Und mit dem Lösungswort eines anderen Rätsels haben wir es in der Welt in diesem Jahr in den erbittertsten und erstaunlichsten Formen zu tun gehabt:
Der Erste ist in jedem Fall dafür. / Der Zweite, skeptisch, unternimmt / zu prüfen erst mit Sach-Gespür, / ob das, was hier zugrund gelegen, / auch wirklich hieb- und stichfest stimmt. / Jedoch der Ganze bleibt dagegen.
Mit achtundachtzig Jahren hat die Dichterin Erika Beltle noch einmal zur Feder gegriffen und die ihr in kürzester Zeit eingefallenen Rätsel aufgezeichnet. «Unerwartet», wie sie schreibt, «hat mir nach einem wetterfreundlichen Jahr der Herbstwind einen Sack voll Nüsse vom Baum geschüttelt, die nun geknackt sein wollen. Auch die Rätselnüsse haben ihren ‹Nährwert› und ihre Süße, denn sie üben die Fantasie sowie ein exaktes Denken und erregen meist ein leises Schmunzeln, wenn man den Kern, von seiner Umhüllung befreit, vor sich hat.» – Es ist ein feiner philosophischer Zug in ihren Rätseln enthalten, auch ein feiner Humor:
Sie ist ohne Eleganz, / nur das Grobe passt hinein. / Nimmt man weg ihr / Hut und Schwanz, / hat man, kurz gesagt, / das Sein.
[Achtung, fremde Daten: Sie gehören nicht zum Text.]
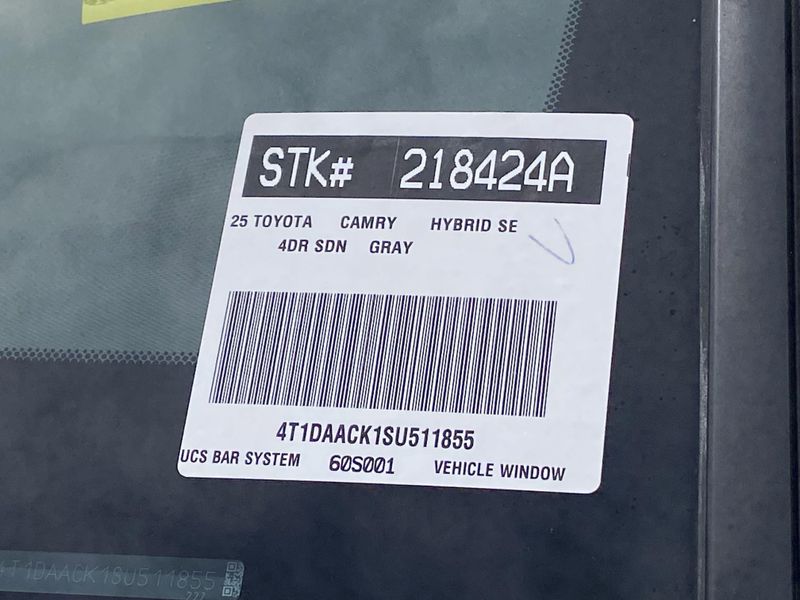 Used 2025 Toyota Camry SEImage 31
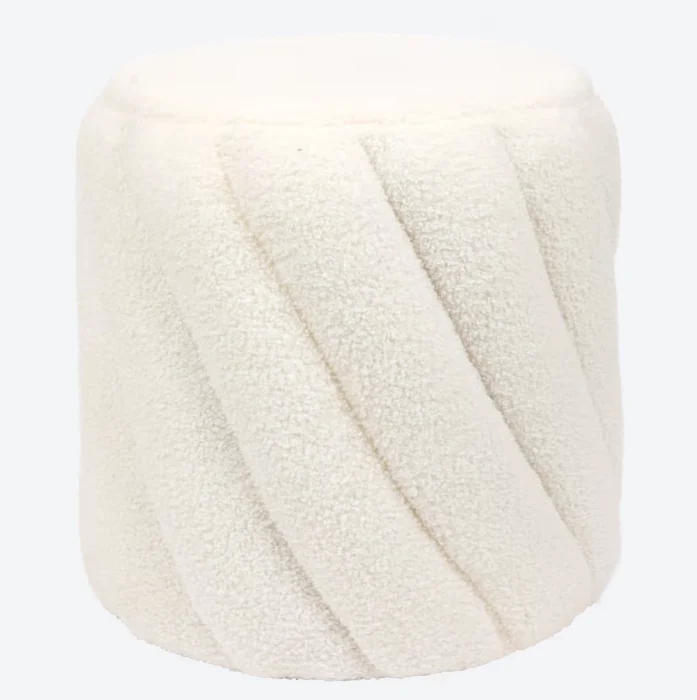 Zdjęcie Wiralowa barankowa pufa za 89 zł wróciła do Action i znowu robi furorę w salonach! Błyskawicznie znika z półek #2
Und wir als Mitdenker und Löser ihrer Rätsel fühlen uns umso herzlicher ihrer «Lebensphilosophie», die sie als letztes Rätsel gesetzt hat, verbunden:
Wenn ein Anlass ist gegeben, / gibt man gerne ihn im Leben. / In die Zweite kehrt man ein, / allermeistens nicht allein. / Gut zu jeder Lebensfrist / ist’s, wenn man das Ganze ist, / auch, wenn wir mit Schmerzen ringen, / weil nur sie uns weiterbringen.